Scoble: freedom fighter or data thief?

The great revolutionary activist of our day, Robert Scoble (or “Che Scoble,” as Mike Butcher says), is battling for the ideal of data freedom with the evil forces of Facebook. At issue, writes Kara Swisher, in a post titled “Free the Scoble 5,000!!,” is “how much control you should have over your own information online.” Mathew Ingram chimes in, saying “there’s no question that the information itself should belong to Scoble.”

Sounds black and white. Scoble: good. Facebook: evil. But it’s not quite that simple. When Scoble broke into Facebook’s databank, he opened a Pandora’s Box, and I would argue that neither he nor Facebook is in the right.

I mean, is this really about “your own information,” as Swisher terms it? Is there really “no question” that the data “belong to Scoble,” as Ingram assumes? I don’t think so. Scoble got himself kicked out of Facebook for using a software script to automatically “scrape” information from Facebook’s database and move it elsewhere. Far from being just “his own information,” however, the information included the names, email addresses, and birthdays of 5,000 Facebookers who had “friended” Scoble. The act of “friending” on a social network site, it’s important to remember, is a fairly cavalier act, often undertaken with little thought.

Now, if you happen to be one of those “friends,” would you think of your name, email address, and birthday as being “Scoble’s data” or as being “my data.” If you’re smart, you’ll think of it as being “my data,” and you’ll be very nervous about the ability of someone to easily suck it out of Facebook’s database and move it into another database without your knowledge or permission. After all, if someone has your name, email address, and birthday, they pretty much have your identity – not just your online identity, but your real-world identity.

Scoble says his purpose in swiping the data was benign. He just wanted to see which of his Facebook “friends” were also members of another site he uses, Plaxo. He learned, he writes, that “of the 5,000 people in my Facebook account about 1,800 were already on Plaxo. [The scraping software] did NOT look at anything else. Just this stuff, no social graph data. No personal information.” I have no doubt that Scoble didn’t mean any harm, but in what sense are names, email addresses, and birthdays not “personal information”? The important question isn’t what Scoble intended to do with the information. The important question is this: Will others who use such scraping scripts necessarily have benign intentions? And the answer is: No.
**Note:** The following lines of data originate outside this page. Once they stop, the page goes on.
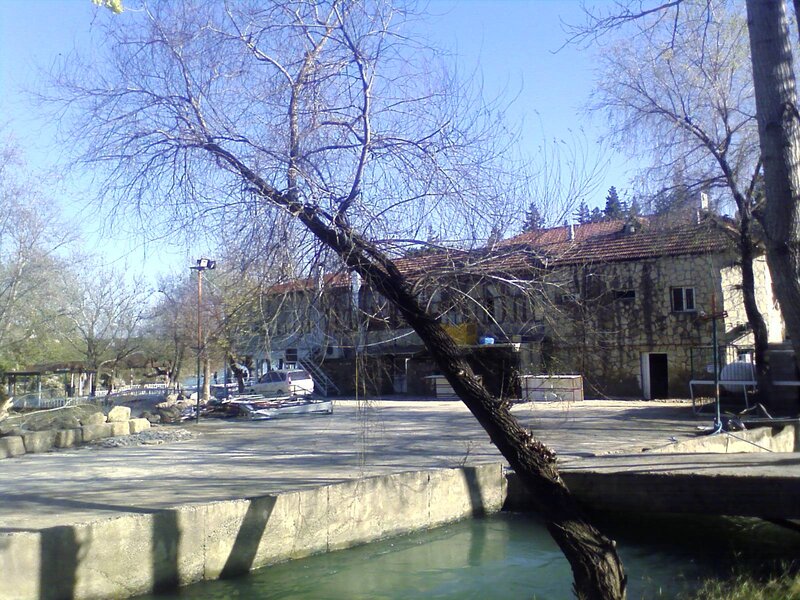 Stone building by a river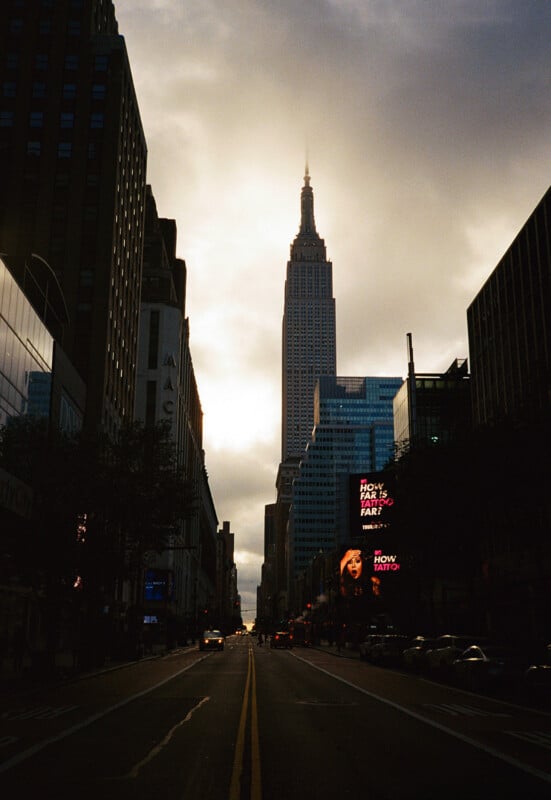 A street-level view looking down a city avenue toward the Empire State Building under a cloudy, backlit sky.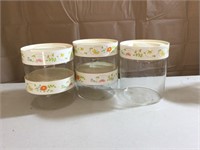 Glass canisters with plastic twist lids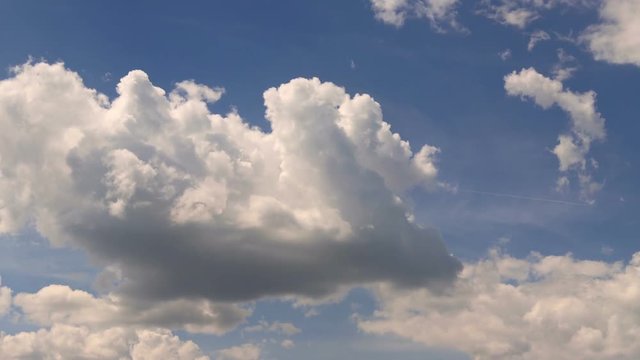 white cumulus clouds float on the blue sky. time-lapse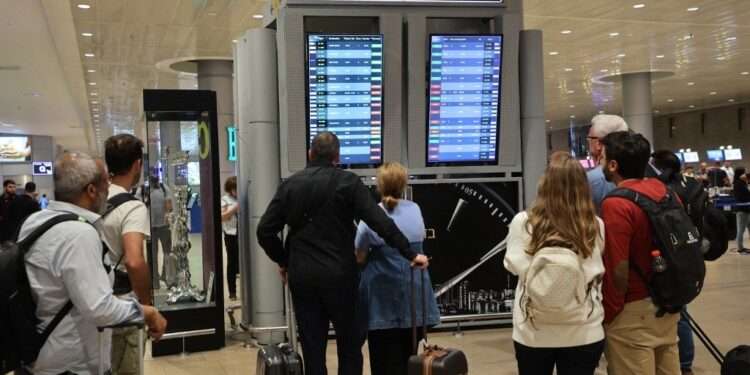 Passengers look at a departure board at Ben Gurion Airport near Tel Aviv, Israel, on October 7, 2023, as flights are canceled because of the Hamas surprise attacks. The conflict sparked major disruption at Tel Aviv airport, with American Airlines, Emirates, Lufthansa and Ryanair among carriers with cancelled flights. (Photo by GIL COHEN-MAGEN / AFP)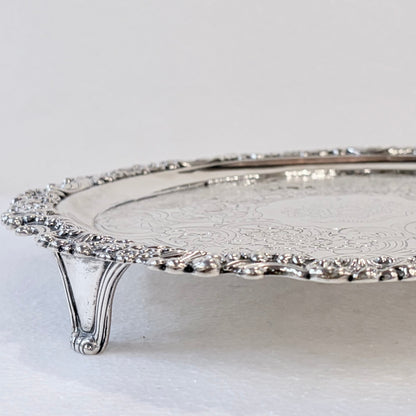 KLS Vaults 1831 William IV sterling silver salver with ornate acanthus leaf border and intricate flat-chased detail.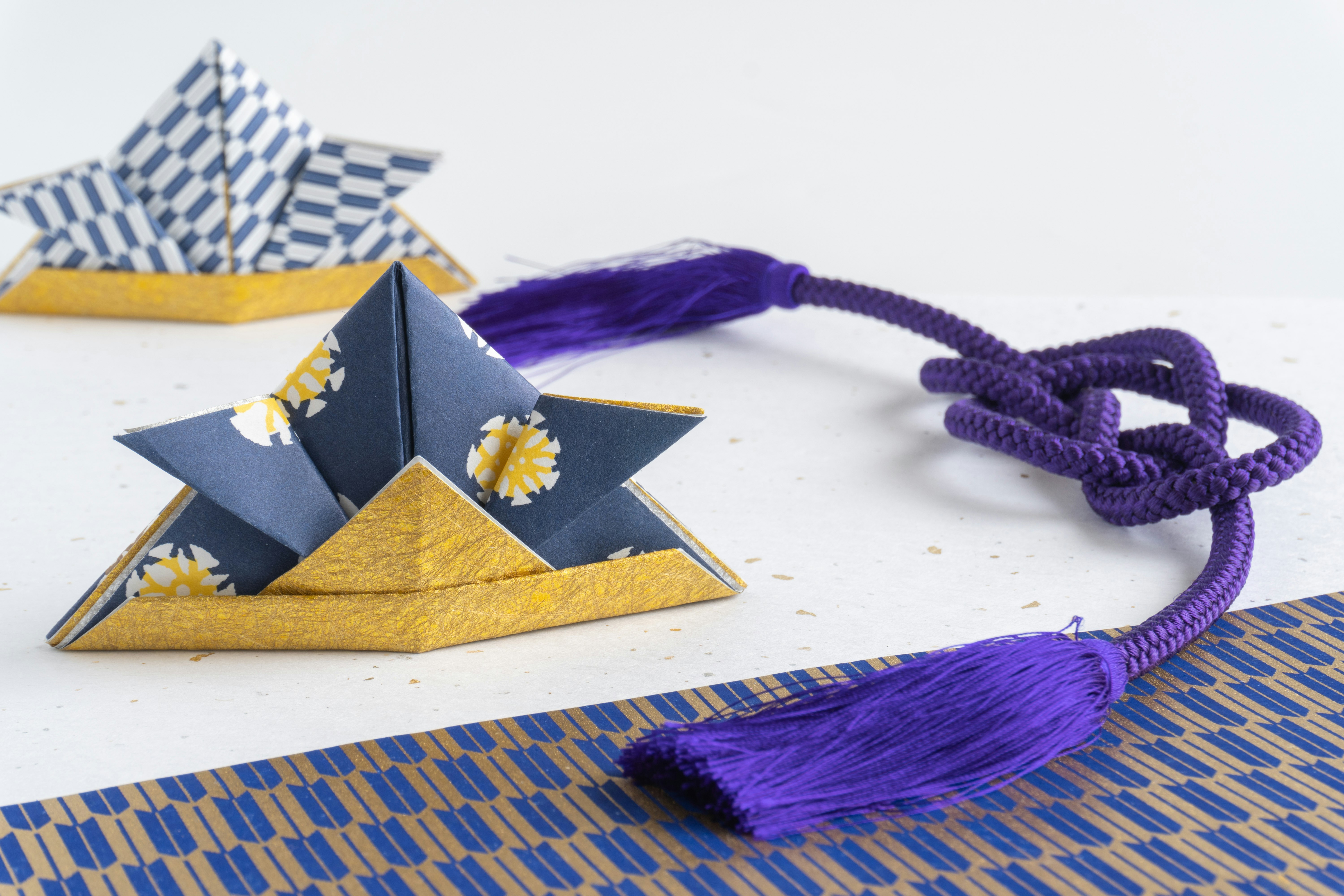 purple tassel origami star decoration with small envelopes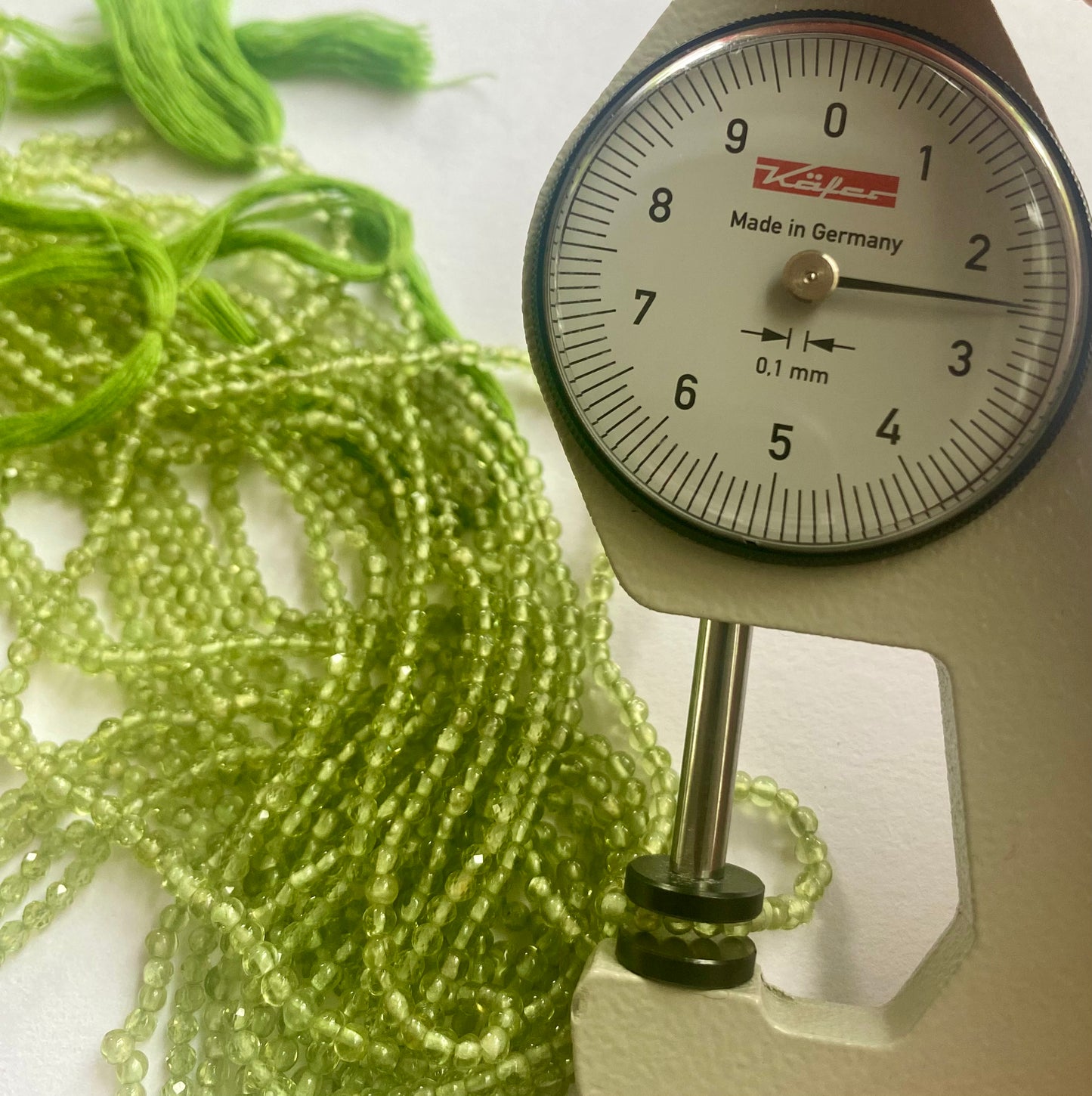 A person measures a green peridot smooth rondelle stone, ranging from 2.5mm to 2.8mm, using a dial gauge measuring tool.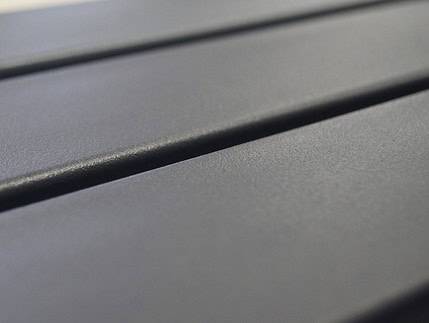 Nærbillede af en glat, mørkegrå Balusterlåge metal dobbeltdør overflade med parallelle riller, der løber på tværs. Den matte tekstur og riller kaster skygger og tilføjer dybde til billedet. Perspektivet antyder, at det kunne være en bordplade eller industripaneler.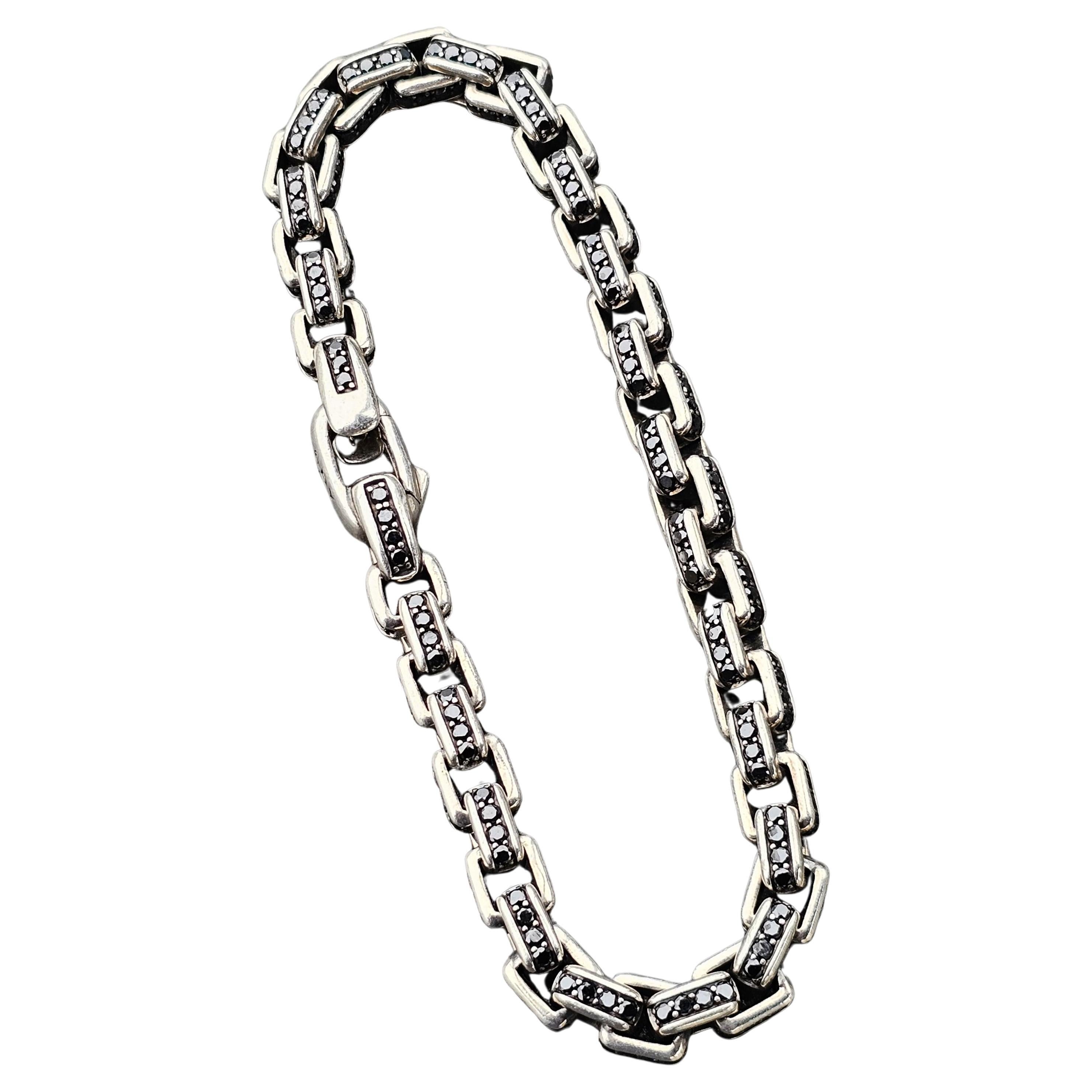 Enhance your collection with this David Yurman Chain Bracelet. Crafted from sterling silver, this piece features a bold design with black diamonds totaling 8.92 carats. Measuring 9.25 inches in length, it offers a substantial presence on the wrist.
Facebook has an obligation to protect the data entrusted to it by its members. At the very least, members should have the right to decide whether or not their personal information can be scraped out of the Facebook database. Scoble did not give them that choice. That doesn’t mean that Facebook is the hero. It, like other social networks, happily scrapes information from members’ email accounts to identify possible new members. Facebook will scrape when it suits its commercial interest but will block scraping when it doesn’t. Still, in this particular case, Facebook did what it needed to do: protect the information and the interests of its members. Until controls are in place, unauthorized scraping of other members’ personal information shouldn’t be allowed.

What the Scoble affair reveals is that the issue of “data portability” is not a simple issue but a fraught one. Data scraping can make our lives easier, but it can also put us at risk.

UPDATE: Dare Obasanjo adds more detail to the discussion, while Ian Betteridge comments: “I think the point we have to ask is what the expectations are of users who friend someone. You clearly expect them to have access to whatever data you make available to them through Facebook. You don’t, though, expect them to take that data wholesale and sell it to a spammer. So while friending someone is saying ‘you can use this information,’ it’s not saying ‘you can use this information in any way you see fit.'”

23 thoughts on “Scoble: freedom fighter or data thief?

  1. Simon

    That’s a great take on the situation.

    Perhaps the problem here, is that we’re all becoming fairly blase about putting sensitive information into the public domain for strangers or near-strangers to access.

    It seems curious that in real life, most of us live in houses with locked doors, security alarms etc. but online – and especially with social-networking sites – our mentalities change drastically.

    So many social networking site users seem to behave like they’re occupants of a mythical 1950s US small town where everyone knows your name and where you can leave your door open.

    Of course there is the very real threat of people trying to steal data and of accidental losses (recently 25m records relating to families in the UK were lost), but perhaps we all shouldn’t lull ourselves into thinking that online, Jimmy Stewart lives next door…

  2. BobWarfield

    Nick, you’re just flat out wrong on this, even while you’re right. Facebook is pursuing a terrible strategy in terms of customer relations, although they’re completely within their rights to do so.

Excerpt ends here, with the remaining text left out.